Урусевский был сыном кузнеца, его отец, рабочий петербургского Путиловского завода, изобретал и создавал своими руками механизмы, менявшие способ работы и его самого, и его товарищей. Частью легенды о Сергее Урусевском стали поражающие воображение технические находки и прозрения — в ту не такую уж давнюю, но доцифровую эпоху позволявшие управлять «железом» камеры — и воплощать в химии кинопленки фантом, чудо нашего субъективного, небуквального, но единственно верного зрения. На съемках «Я — Кубы» — это будет скоро, в 1963-м, — он будет бежать с ручной камерой за актером, и в камере нарочно будет стоять полуразряженный аккумулятор: к концу пробега камера станет способна снять в секунду все меньше и меньше кадров — и мы увидим мир не буквальным, но только тогда почувствуем истину. На съемках «Летят журавли» он построит круговые рельсы, для той же «Я — Кубы» придумает, как камере пройти сквозь интерьер и вдруг в том же непостижимом кадре выйти в никуда, в воздух — и полететь над толпой, несущей убитого героя — но это не квадрокоптер, это живой Урусевский с камерой в руках — нашедший способ показать нам то, что выглядело магией технически — и смотрелось так точно для нашего восприятия. В «Неотправленном письме» Урусевский должен был — не должен был, но увидел себя должным и записал для себя в этих раскадровках — попасть вместе с камерой внутрь огня, внутрь настоящего катастрофического горящего леса. И он снял это — обгорая под защитой асбеста.
Он начал писать картины спустя огромный промежуток своей жизни — ему было уже за 30, и после авангардной вхутеиновской юности он уже прожил 20 лет в кинематографе. И вдруг, параллельно со съемками, он попробовал не рисовать — а писать. Сначала — темпера, потом — масло: и живопись стала частью его жизни. Было трудно выбрать картину для этого кадра.

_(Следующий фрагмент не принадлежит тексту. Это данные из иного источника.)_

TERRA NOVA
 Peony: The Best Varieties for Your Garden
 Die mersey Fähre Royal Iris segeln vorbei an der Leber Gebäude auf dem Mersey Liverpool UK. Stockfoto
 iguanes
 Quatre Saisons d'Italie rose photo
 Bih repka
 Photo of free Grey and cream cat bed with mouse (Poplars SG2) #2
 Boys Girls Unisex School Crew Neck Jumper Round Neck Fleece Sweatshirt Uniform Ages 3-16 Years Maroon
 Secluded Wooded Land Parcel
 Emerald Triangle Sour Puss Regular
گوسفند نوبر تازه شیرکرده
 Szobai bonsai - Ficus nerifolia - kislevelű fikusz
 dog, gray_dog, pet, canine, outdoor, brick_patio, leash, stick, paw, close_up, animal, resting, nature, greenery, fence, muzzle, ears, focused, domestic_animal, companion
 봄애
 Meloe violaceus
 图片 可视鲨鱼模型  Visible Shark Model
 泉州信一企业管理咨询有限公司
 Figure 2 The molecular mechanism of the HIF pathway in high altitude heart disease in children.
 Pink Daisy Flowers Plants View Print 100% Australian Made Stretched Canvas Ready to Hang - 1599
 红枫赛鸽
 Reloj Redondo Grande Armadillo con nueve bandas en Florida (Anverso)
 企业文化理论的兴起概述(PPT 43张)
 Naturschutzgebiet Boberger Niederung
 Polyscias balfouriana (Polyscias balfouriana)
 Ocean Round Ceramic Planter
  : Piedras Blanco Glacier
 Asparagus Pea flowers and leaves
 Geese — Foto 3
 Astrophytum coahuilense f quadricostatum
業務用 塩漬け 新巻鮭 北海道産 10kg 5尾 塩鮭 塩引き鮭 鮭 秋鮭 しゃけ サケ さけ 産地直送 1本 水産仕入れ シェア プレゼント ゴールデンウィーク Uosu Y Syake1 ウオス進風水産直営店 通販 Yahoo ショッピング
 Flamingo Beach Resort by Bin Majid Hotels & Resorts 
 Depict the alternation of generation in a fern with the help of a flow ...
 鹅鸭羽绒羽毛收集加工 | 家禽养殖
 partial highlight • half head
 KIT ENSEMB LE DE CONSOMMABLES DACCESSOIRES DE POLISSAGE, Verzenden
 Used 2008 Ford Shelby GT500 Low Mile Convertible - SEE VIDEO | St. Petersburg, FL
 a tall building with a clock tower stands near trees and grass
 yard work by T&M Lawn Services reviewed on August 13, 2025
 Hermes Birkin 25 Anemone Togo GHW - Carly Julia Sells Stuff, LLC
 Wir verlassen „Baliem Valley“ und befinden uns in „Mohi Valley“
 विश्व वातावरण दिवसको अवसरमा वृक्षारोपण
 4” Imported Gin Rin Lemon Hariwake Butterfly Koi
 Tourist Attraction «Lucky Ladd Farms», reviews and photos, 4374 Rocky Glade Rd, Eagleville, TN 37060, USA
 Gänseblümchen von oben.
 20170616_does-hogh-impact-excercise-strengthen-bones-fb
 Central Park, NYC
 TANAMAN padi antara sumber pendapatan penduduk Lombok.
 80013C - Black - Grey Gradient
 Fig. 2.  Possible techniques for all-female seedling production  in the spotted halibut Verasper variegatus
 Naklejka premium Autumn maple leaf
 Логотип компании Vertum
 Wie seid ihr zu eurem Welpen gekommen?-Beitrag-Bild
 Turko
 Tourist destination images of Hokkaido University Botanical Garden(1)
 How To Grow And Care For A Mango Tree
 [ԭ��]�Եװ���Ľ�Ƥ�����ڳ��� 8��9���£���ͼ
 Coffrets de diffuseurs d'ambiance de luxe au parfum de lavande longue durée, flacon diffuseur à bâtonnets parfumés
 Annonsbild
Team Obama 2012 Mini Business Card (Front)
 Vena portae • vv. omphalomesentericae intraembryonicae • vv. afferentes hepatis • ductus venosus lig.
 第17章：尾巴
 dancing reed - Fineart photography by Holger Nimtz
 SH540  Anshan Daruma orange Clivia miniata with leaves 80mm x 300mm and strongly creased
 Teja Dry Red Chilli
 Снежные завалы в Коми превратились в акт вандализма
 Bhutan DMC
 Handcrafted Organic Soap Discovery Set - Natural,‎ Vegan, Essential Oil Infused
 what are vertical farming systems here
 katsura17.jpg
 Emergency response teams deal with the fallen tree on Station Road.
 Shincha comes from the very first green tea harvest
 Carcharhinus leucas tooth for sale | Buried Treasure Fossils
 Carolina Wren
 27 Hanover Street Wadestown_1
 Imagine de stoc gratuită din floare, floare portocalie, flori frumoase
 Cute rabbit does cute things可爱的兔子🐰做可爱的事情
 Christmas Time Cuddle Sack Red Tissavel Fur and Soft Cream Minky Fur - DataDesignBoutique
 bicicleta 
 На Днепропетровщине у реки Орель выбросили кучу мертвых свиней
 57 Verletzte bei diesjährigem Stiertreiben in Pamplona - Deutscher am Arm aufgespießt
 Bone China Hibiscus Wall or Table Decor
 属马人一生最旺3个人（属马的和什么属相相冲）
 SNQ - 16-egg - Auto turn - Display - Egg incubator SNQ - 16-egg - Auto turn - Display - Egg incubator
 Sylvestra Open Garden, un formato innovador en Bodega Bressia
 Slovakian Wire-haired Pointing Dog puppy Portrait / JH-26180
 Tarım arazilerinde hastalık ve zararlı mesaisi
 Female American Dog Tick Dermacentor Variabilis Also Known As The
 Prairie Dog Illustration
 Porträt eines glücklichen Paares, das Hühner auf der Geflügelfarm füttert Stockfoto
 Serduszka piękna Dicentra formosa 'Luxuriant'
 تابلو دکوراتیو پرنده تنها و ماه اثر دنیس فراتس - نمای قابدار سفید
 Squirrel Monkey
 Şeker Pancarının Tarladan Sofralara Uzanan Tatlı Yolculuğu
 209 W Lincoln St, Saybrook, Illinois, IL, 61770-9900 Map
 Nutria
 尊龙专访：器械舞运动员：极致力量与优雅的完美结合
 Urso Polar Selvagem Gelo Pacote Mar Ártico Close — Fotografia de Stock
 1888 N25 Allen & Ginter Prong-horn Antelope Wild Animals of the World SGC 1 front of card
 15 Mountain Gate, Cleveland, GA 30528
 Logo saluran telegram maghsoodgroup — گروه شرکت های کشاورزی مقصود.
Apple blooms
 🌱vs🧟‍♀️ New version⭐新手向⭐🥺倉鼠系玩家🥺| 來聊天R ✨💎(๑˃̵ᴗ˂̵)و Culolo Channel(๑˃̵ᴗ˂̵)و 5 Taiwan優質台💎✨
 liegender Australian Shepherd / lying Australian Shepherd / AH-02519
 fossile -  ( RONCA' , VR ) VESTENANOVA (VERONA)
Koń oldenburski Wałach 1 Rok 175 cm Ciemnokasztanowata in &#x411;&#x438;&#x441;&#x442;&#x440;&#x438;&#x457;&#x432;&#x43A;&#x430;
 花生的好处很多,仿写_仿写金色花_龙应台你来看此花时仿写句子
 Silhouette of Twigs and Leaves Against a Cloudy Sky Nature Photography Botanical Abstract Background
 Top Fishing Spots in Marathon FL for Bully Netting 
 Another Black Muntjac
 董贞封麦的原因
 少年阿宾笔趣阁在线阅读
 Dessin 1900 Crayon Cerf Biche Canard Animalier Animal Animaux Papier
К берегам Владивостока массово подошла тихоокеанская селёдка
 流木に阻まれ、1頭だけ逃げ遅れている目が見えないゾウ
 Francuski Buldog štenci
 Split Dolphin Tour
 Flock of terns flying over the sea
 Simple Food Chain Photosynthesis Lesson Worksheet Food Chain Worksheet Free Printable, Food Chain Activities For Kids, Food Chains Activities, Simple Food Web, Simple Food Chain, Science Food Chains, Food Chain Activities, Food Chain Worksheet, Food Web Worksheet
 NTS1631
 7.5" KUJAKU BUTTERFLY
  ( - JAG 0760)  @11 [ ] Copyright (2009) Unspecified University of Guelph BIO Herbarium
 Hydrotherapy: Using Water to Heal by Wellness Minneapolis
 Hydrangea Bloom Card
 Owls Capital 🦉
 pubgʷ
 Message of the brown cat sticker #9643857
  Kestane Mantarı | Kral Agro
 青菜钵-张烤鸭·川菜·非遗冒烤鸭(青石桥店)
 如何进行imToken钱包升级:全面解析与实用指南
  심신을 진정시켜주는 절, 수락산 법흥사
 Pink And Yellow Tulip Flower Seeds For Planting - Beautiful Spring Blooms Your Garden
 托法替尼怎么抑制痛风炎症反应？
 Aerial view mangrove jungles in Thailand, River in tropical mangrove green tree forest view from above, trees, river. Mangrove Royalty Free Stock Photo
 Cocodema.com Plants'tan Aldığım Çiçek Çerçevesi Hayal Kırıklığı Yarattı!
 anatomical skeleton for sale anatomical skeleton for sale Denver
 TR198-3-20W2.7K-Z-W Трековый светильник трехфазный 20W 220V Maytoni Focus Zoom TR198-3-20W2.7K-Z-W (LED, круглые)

Это мог быть холст со светлой комнатой, тонким букетом на открытом окне — одна из его первых картин: 1954 год, подоконник на Мещанской улице, где они жили тогда с Беллой Фридман — его вторая жена, с которой он был вместе с военных лет и до конца своих дней. Или это мог быть яркий портрет, написанный им на Кубе, — там он очень много писал, хотя были тяжелые съемки и тяжелый для него климат — но осталось множество поражающе прекрасных и ярких картин, написанных им там. Или это мог быть тревожный пейзаж из начала 70-х — он писал те места, где снимал свою последнюю картину «Пой песню, поэт». Могла быть и одна из картин, которые написаны были им за считаные дни до смерти — и были его тайной от врачей, потому что он сбегал из больницы, чтобы писать — живые, прекрасные, полные жизни картины, которые оказались предсмертными.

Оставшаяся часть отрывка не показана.